3.4 CNN Classification

CNN has grabbed increasing attention in text classification tasks recently due to its strong ability to capture local contextual dependencies. Based on that, we propose to apply CNN to the final layer of classification. As shown in Fig. 1, convolution operation involves kernels with three different sizes. Suppose $w \in {{\mathbb { R}}^{q \times 2K}}$ is a filter of q tokens, a feature $c_j$ is generated by:

$$\begin{aligned} {c_j} = f(w \circ h_{^{j:j + q - 1}}^{(i)\prime } + b) \end{aligned}$$

(2)

Here $\circ $ denotes convolution, while $b\in \mathbb {R}$ is a bias term and f is ReLU activation function. This filter applies to whole possible tokens in the sentence to produce a feature map:

$$\begin{aligned} c = [{c_1},{c_2},...,{c_{N - q + 1}}] \in {{\mathbb { R}}^{N - q + 1}} \end{aligned}$$

(3)

Max-pooling layer take the maximum value $\hat{c} = \max \{ c\} $ of c as the feature corresponding to filter w. ${{\hat{y}}_i}$ denotes the predicted label for the i-th tweet.

3.5 Inference and Learning

The objective to train topic-level attention and CNN classifier is defined as minimizing the sum of the cross-entropy losses of prediction on each tweet as follows:

$$\begin{aligned} {{\mathcal {L}}_s} = - \sum \limits _{i = 1}^m {{{\hat{y}}_i}} \log ({y_i}) + (1 - {{\hat{y}}_i})\log (1 - {y_i}) \end{aligned}$$

(4)

For inference, test news is first passed to the fine-tuned BERT to obtain its hidden vector. According to the topic-level attention mechanism, context-aware representations are incorporated with topic information and then fed to the CNN classifier. Finally, a prediction is obtained.

4 Experiments

4.1 Experimental Settings

Datasets. Table 1 shows the statistics of datasets. We select three users from Sentiment140 [9] to build models separately as $\mathbb {D}_{s1}$, $\mathbb {D}_{s2}$ and $\mathbb {D}_{s3}$. We also collect tweets from three talkative users and label them manually as $\mathbb {D}_{t1}$, $\mathbb {D}_{t2}$ and $\mathbb {D}_{t3}$. To verify the feasibility of the method in practical application, we collect 100 news for each of three topics: health care, climate change, social security as $\mathbb {T}_{h}$, $\mathbb {T}_{c}$ and $\mathbb {T}_{s}$.

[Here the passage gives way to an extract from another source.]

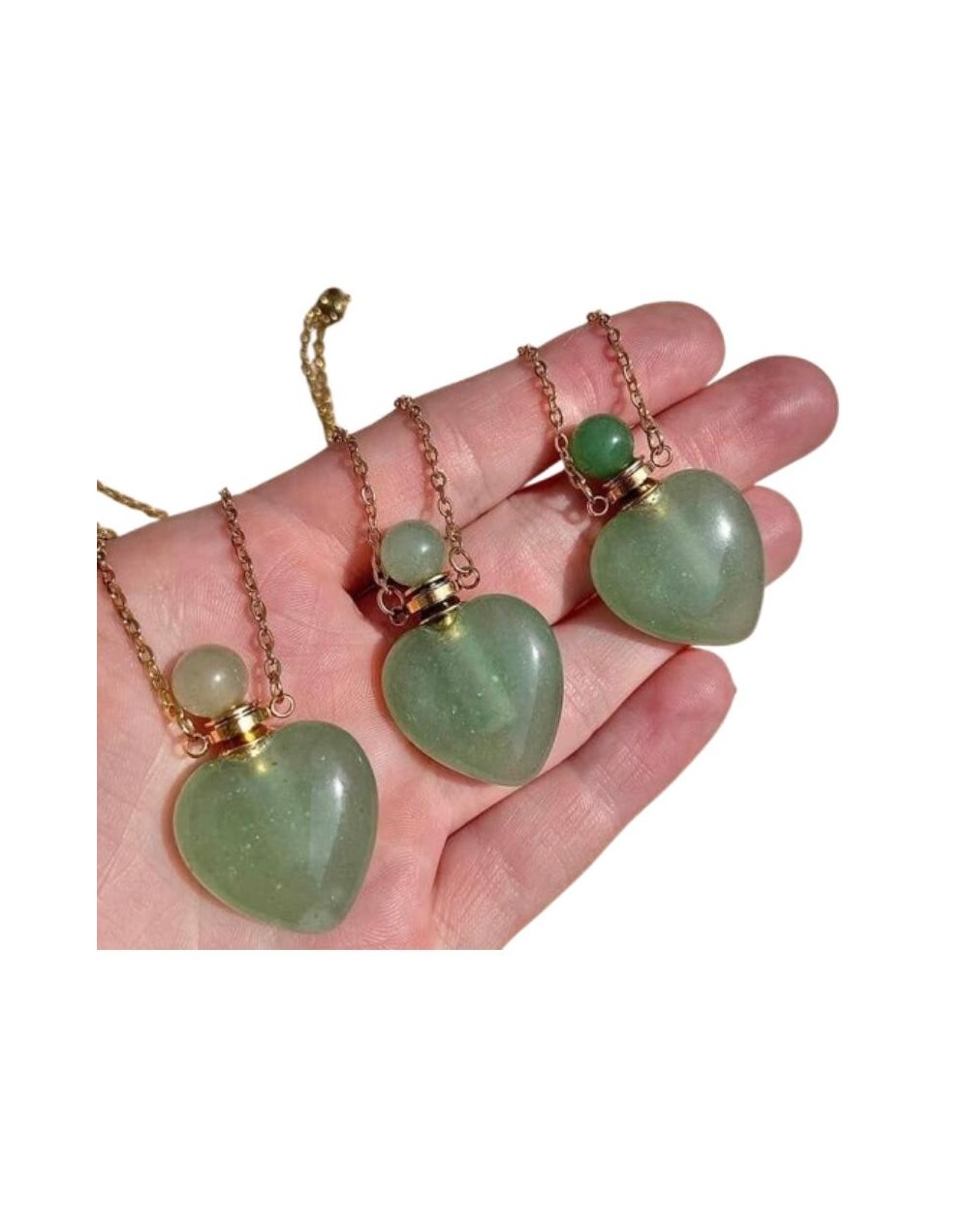 Perfumero Cuarzo - Nativa Consciente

Table 1. Dataset statistics

Full size table

Network Details. For Single-Pass, we set the threshold $p_0$ to 0.4. We tune pre-trained base uncased BERT which sets hidden size K as 768 with 12 hidden layers and 12 attention heads. Max sequence length N, batch size and learning rate are set to 128, 32 and $5\times 10^{-5}$ respectively. For the CNN classifier, we adopt three filter sizes: 2, 3 and 4 separately. 64 filters are used for each filter size and three pooling sizes are set to 4 in the task. We train the fine-tuned BERT for 3 epochs and the CNN classifier for 20 epochs.

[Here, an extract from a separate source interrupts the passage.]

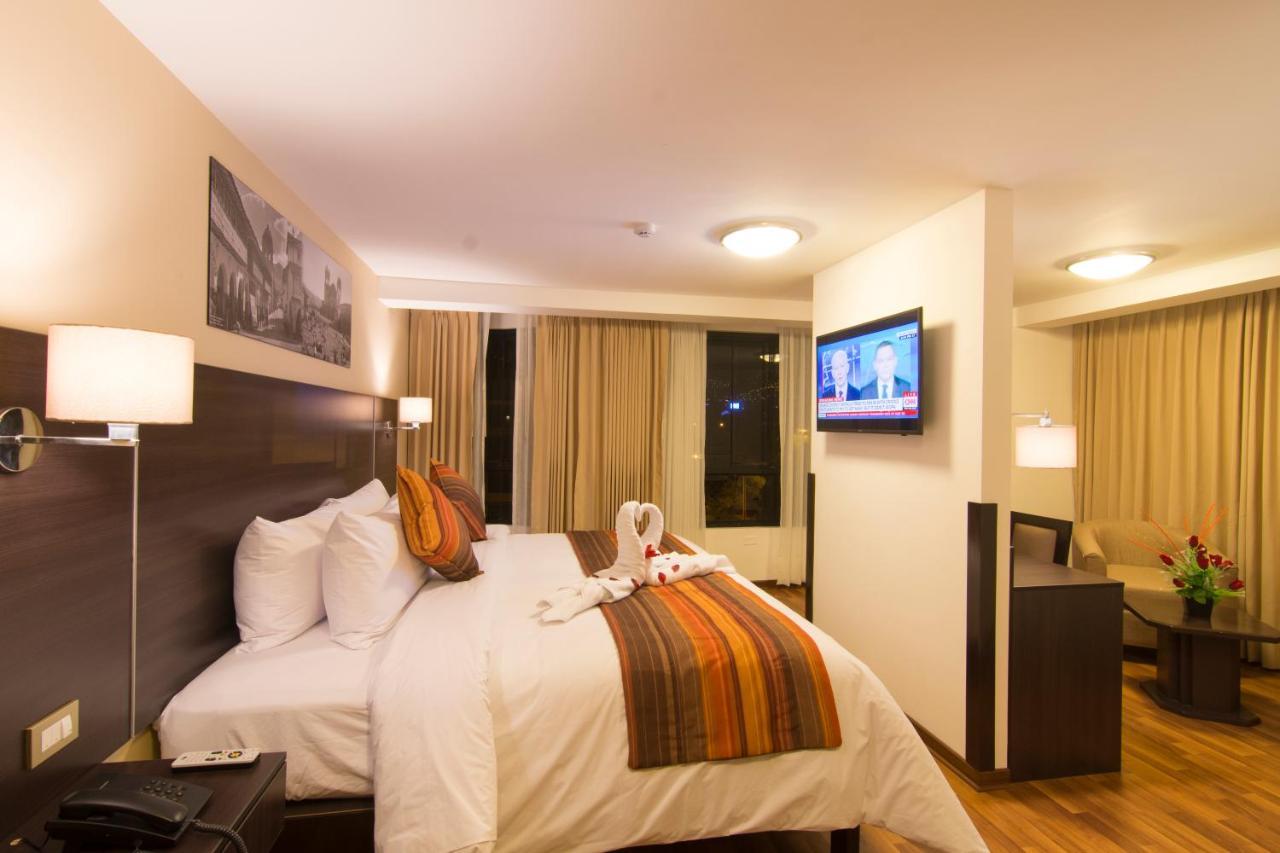 Royal Inn Cusco Hotel Экстерьер фото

Evaluation Metrics. We employ accuracy and F1 score as evaluation for classification. We regard evaluation of test sets as a quantification task, which estimates the distribution of tweets across two classes. We adopt Mean Absolute Error based on a predicted distribution ${\hat{p}}$, its true distribution p and the set $\mathcal {C}$ of classes. It’s computed separately for each topic, and the results are averaged across three topics to yield the final score.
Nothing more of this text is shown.